— PROBLEM —
Your answer must be an exact copy of the entries below, with no pictures in it.

— INFORMATION —

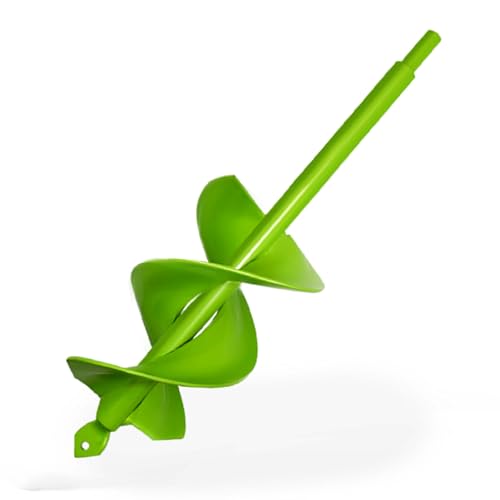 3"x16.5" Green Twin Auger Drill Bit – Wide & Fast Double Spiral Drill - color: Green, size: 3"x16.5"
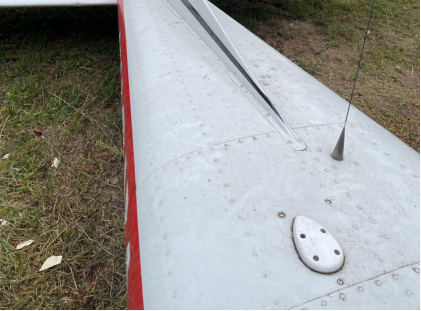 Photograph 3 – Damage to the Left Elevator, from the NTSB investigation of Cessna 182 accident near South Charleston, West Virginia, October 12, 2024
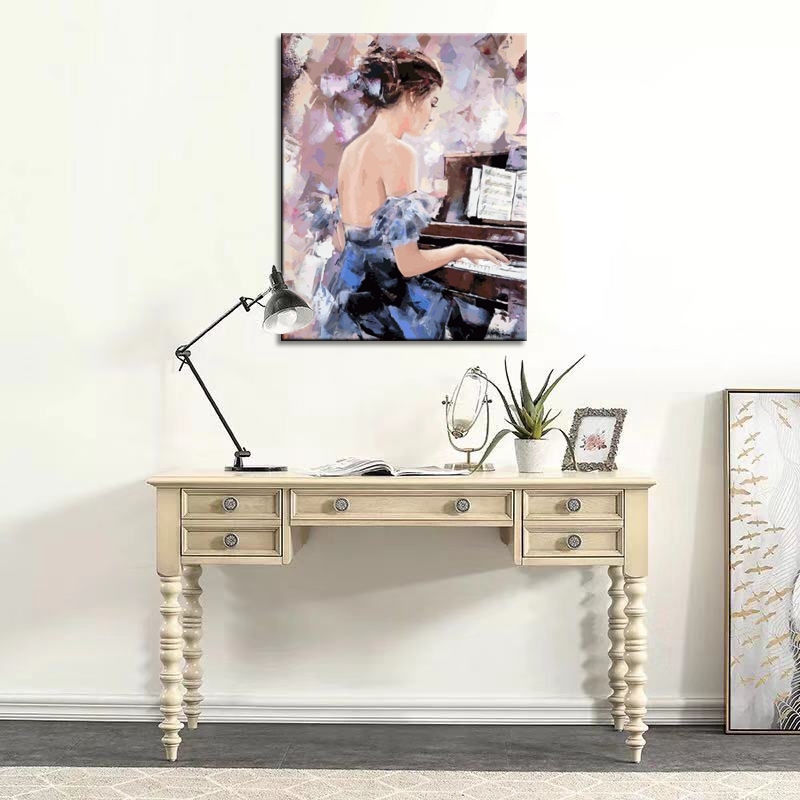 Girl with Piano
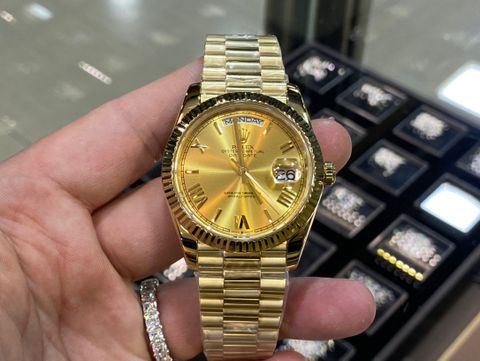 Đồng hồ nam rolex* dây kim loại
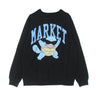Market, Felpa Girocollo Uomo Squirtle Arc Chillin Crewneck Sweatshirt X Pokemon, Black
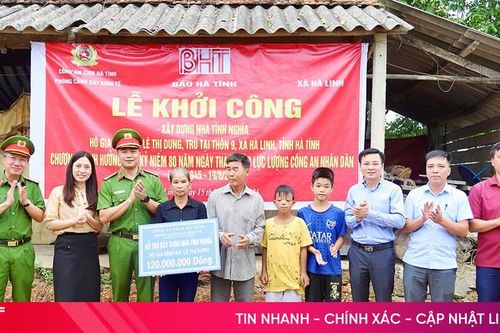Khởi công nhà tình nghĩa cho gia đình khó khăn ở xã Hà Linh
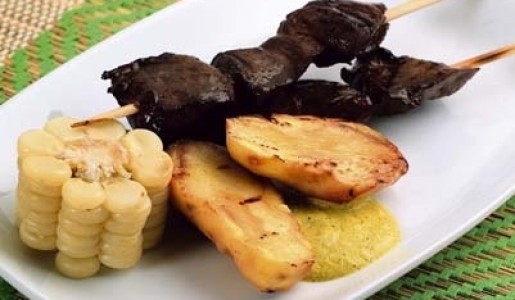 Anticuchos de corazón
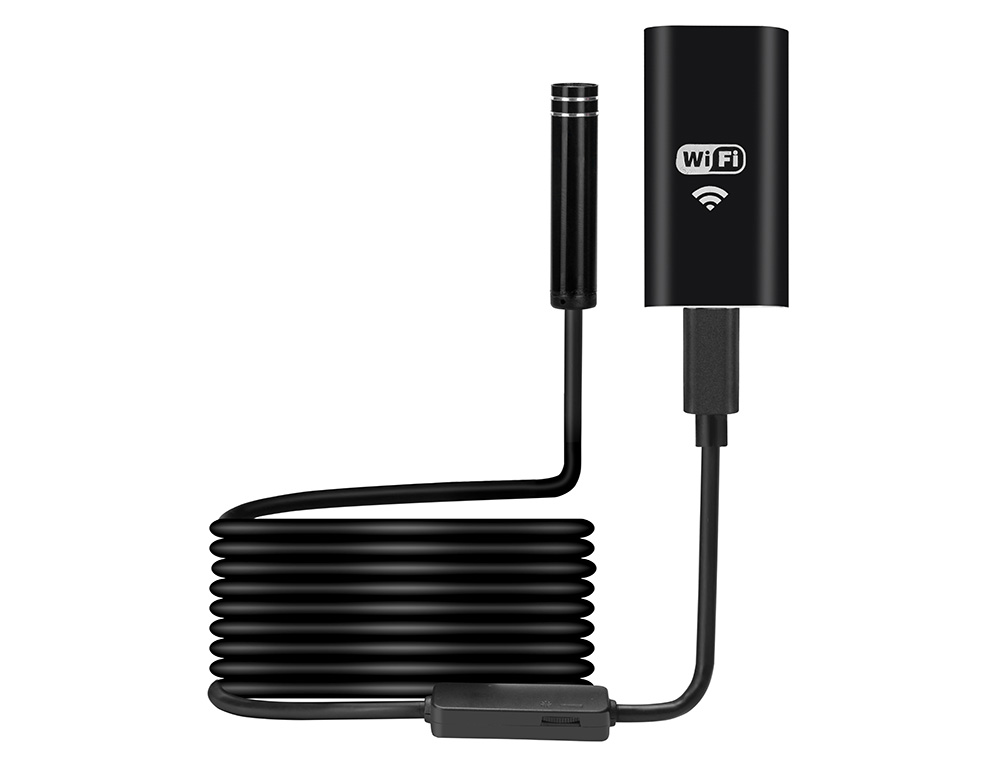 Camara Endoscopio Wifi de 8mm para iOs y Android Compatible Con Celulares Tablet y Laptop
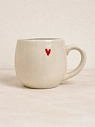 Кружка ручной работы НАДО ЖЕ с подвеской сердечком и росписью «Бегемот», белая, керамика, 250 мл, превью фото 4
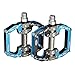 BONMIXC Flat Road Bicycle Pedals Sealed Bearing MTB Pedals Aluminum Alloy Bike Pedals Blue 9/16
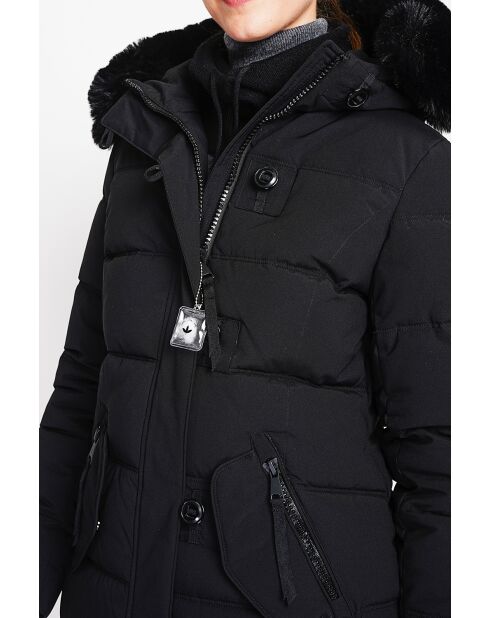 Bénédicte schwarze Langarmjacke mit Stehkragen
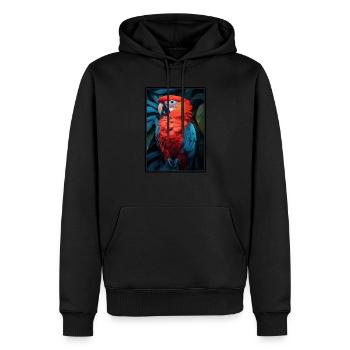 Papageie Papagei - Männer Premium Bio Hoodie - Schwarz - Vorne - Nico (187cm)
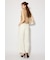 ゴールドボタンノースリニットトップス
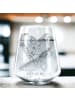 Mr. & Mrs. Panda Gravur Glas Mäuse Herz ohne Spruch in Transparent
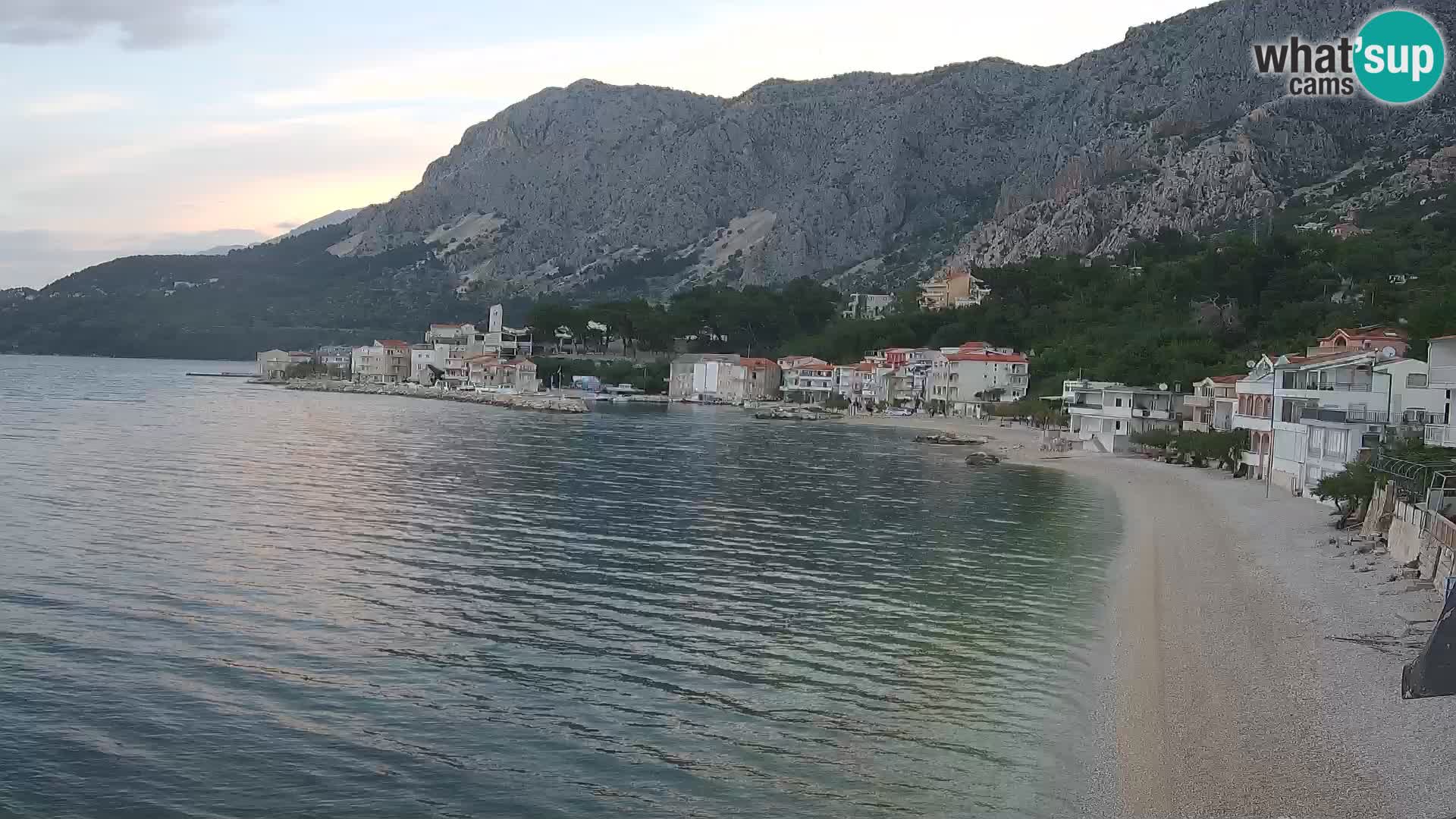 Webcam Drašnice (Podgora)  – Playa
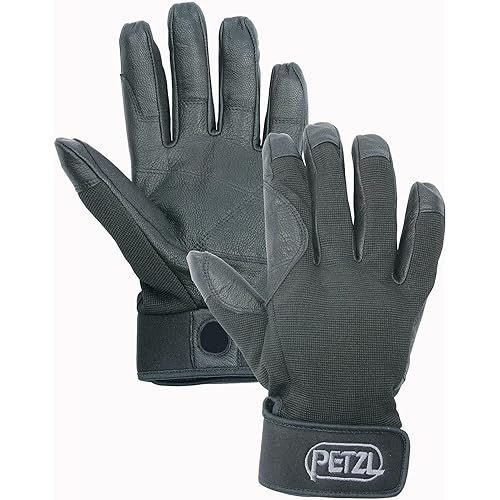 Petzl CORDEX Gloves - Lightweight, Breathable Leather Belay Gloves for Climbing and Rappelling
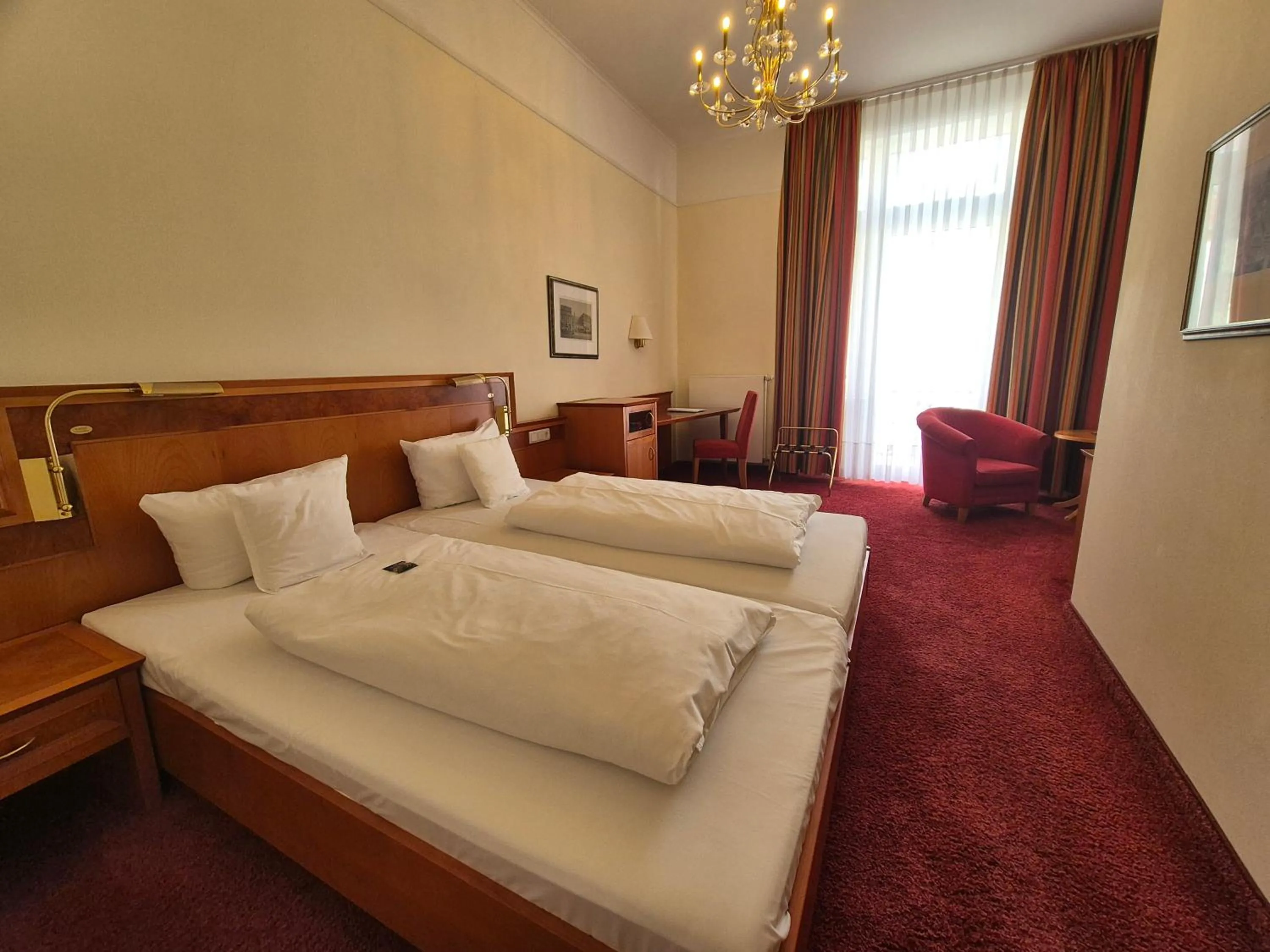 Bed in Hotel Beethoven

— ANSWER FOR THIS EXERCISE —
 3"x16.5" Green Twin Auger Drill Bit – Wide & Fast Double Spiral Drill - color: Green, size: 3"x16.5"
 Photograph 3 – Damage to the Left Elevator, from the NTSB investigation of Cessna 182 accident near South Charleston, West Virginia, October 12, 2024
 Girl with Piano
 Đồng hồ nam rolex* dây kim loại
Market, Felpa Girocollo Uomo Squirtle Arc Chillin Crewneck Sweatshirt X Pokemon, Black
Khởi công nhà tình nghĩa cho gia đình khó khăn ở xã Hà Linh
 Anticuchos de corazón
 Camara Endoscopio Wifi de 8mm para iOs y Android Compatible Con Celulares Tablet y Laptop
 Кружка ручной работы НАДО ЖЕ с подвеской сердечком и росписью «Бегемот», белая, керамика, 250 мл, превью фото 4
 BONMIXC Flat Road Bicycle Pedals Sealed Bearing MTB Pedals Aluminum Alloy Bike Pedals Blue 9/16
 Bénédicte schwarze Langarmjacke mit Stehkragen
 Papageie Papagei - Männer Premium Bio Hoodie - Schwarz - Vorne - Nico (187cm)
 ゴールドボタンノースリニットトップス
 Mr. & Mrs. Panda Gravur Glas Mäuse Herz ohne Spruch in Transparent
 Webcam Drašnice (Podgora)  – Playa
 Petzl CORDEX Gloves - Lightweight, Breathable Leather Belay Gloves for Climbing and Rappelling
 Bed in Hotel Beethoven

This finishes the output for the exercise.